Strain accumulation on faults beneath Los Angeles: a geodesy-based picture accounting for the effects of sedimentary basins and anthropogenic surface deformation
Chris Rollins, Donald F. Argus, Walter Landry, Sylvain D. Barbot, & Jean-Philippe AvouacPublished August 12, 2016, SCEC Contribution #6654, 2016 SCEC Annual Meeting Poster #148
The Los Angeles region is contracting at ~8 mm/yr in the N 5° E direction due to the misalignment of the Mojave section of the San Andreas Fault with the direction of relative Pacific-North American plate motion. This contraction is accommodated by the accumulation of strain on thrust faults such as the Sierra Madre, Puente Hills and other systems and the release of that strain in damaging earthquakes such as the 1971 San Fernando, 1987 Whittier Narrows and 1994 Northridge shocks. A larger earthquake on one of these systems could constitute a worst-case-scenario event for Los Angeles, and so it is essential to use geodetic data to constrain where, and how quickly, tectonic strain is accumulating on these faults. This estimation problem is affected by 1) anthropogenic surface deformation that overprints tectonic contraction in geodetic data, 2) the complex 3D geometries of the relevant faults, and 3) the soft sedimentary basin underlying Los Angeles, which affects the elastostatic Green’s functions that map slip rates on faults to velocities at the surface.

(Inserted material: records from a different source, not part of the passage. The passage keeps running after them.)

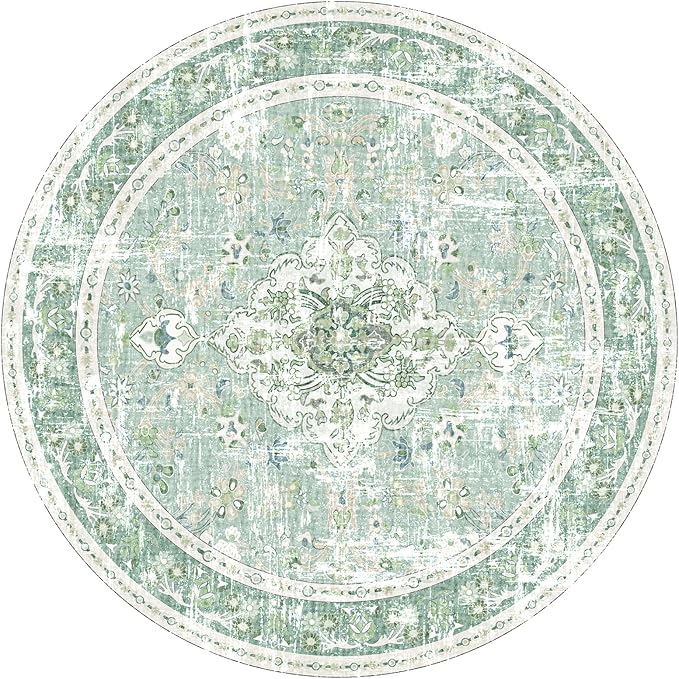 Vhong Washable Boho Area Rugs Vintage Modern Neutral Carpet Sage Green 5×5 High Traffic Round Rugs for Dinning Room Living Room Bedroom Farmhouse Non Slip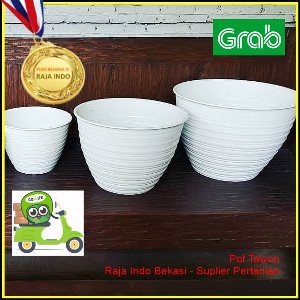 ORI BJP POT TAWON 21 CM / POT KW MADU 25 PUTIH TAWON POT 22 PLASTIK 21CM VAS POT BUNGA TAWON OK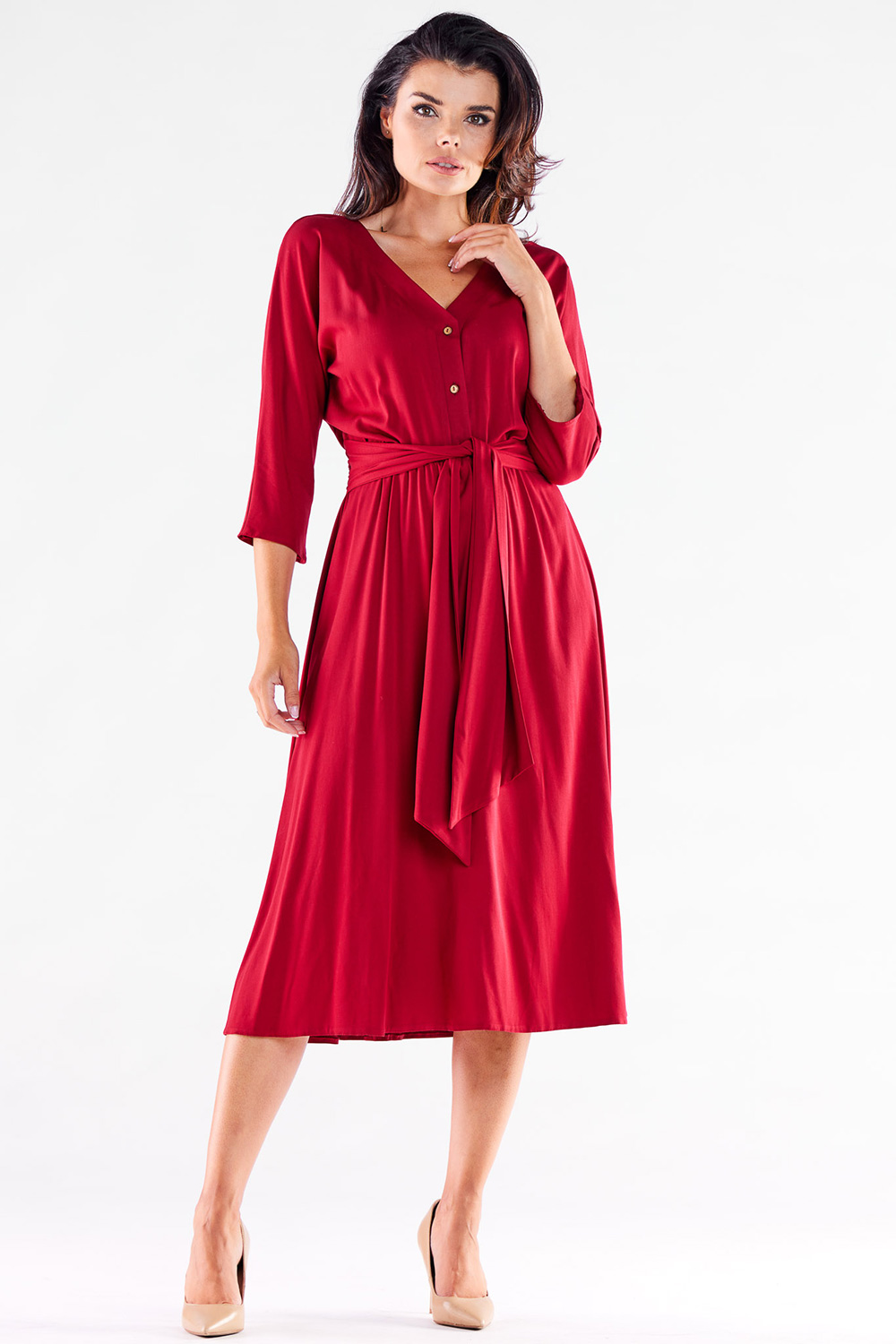 Sukienka Model A522 Claret - awama176877 - Czerwony - obrazek 2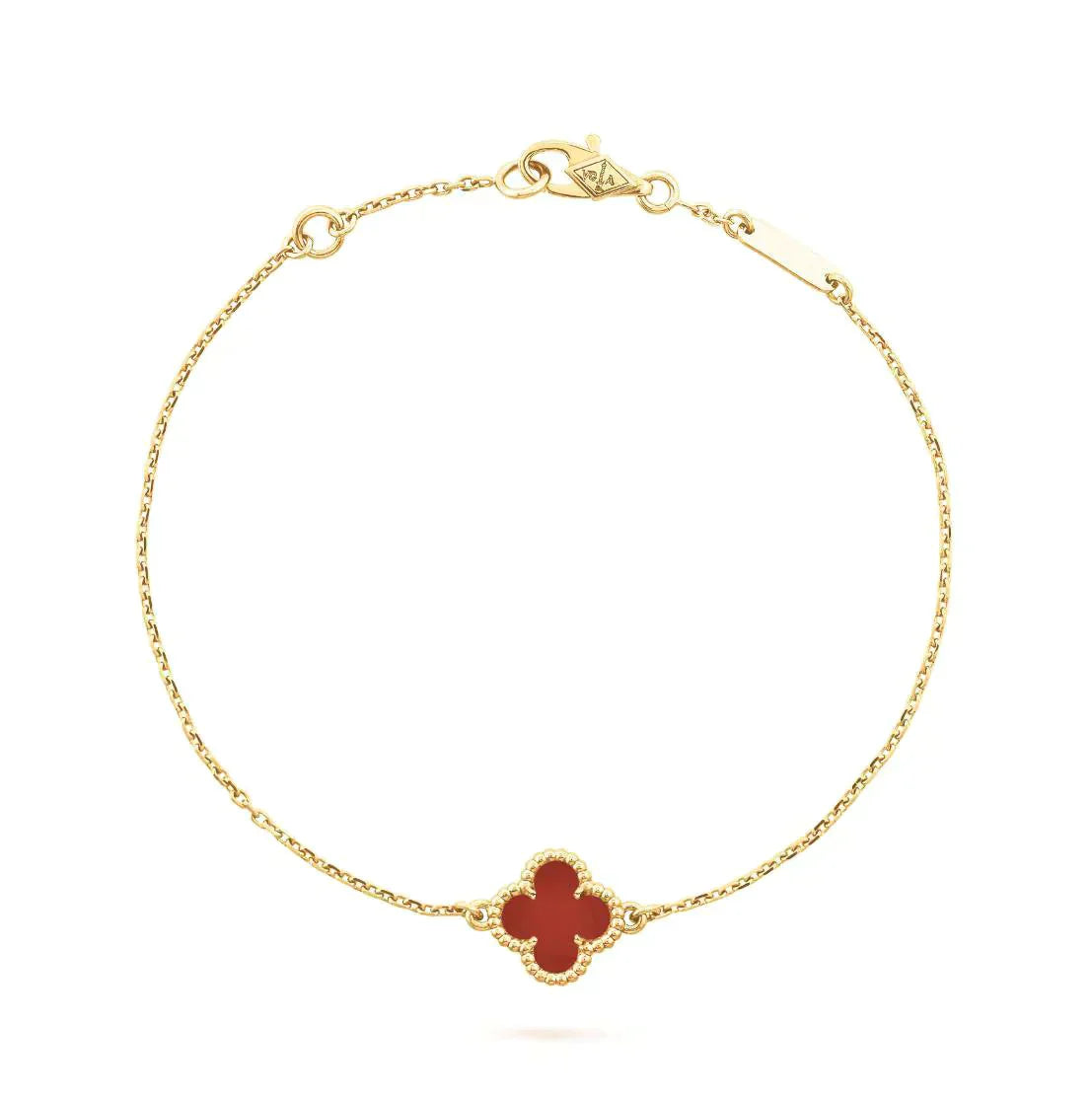 [Everoly JW]CLOVER  CARNELIAN SINGLE FLOWER BRACELET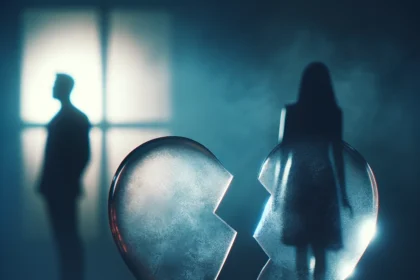 Conceptual image of a broken heart symbol, half transparent and fading, with blurred silhouettes of a couple turning away from each other in a dim, somber setting.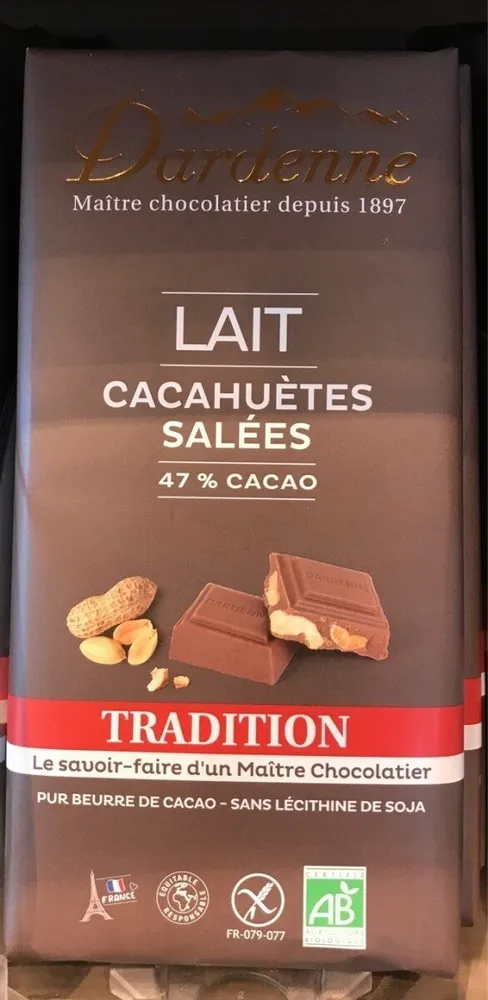 Chocolat lait 47% cacahuète salée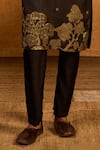 Masaba_Black Jacquard Embroidery, Zari Zen Kurta And Pant Set _Online_at_Aza_Fashions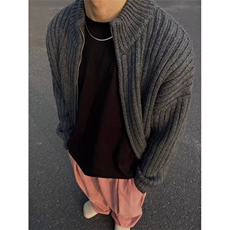 网图有货美式复古拉链灰色毛衣男开衫立领针织衫外套A117-P55，男装针织衫/毛衣，星座1505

Using 1) a GPS velocity field corrected for anthropogenic motions [Argus et al, 2005, and in prep.], 2) a detailed quadrilateral mesh of fault geometry based on an updated version of that in Marshall et al [2009] and on the SCEC CFM5.0 [Shaw et al, 2015], and 3) elastostatic Green’s functions that incorporate the lateral and vertical heterogeneities in elastic properties represented by the SCEC CVM-H15.1, we obtain the most accurate geodesy-based picture of strain accumulation beneath Los Angeles to date. Among other results, we find that strain accumulation on strike-slip faults such as the Palos Verdes, Whittier-Elsinore and Raymond-Hollywood systems may cause an apparent N-S contractional gradient of ~2 mm/yr across Los Angeles that is unrelated to thrust faulting, and that inferred strain accumulation rates on thrust faults are more readily reconciled with geologic slip rates when this strike-slip motion is taken into account.
Key Words
GPS, geodesy, basin, thrust fault
Citation
Rollins, C., Argus, D. F., Landry, W., Barbot, S. D., & Avouac, J. (2016, 08). Strain accumulation on faults beneath Los Angeles: a geodesy-based picture accounting for the effects of sedimentary basins and anthropogenic surface deformation. Poster Presentation at 2016 SCEC Annual Meeting.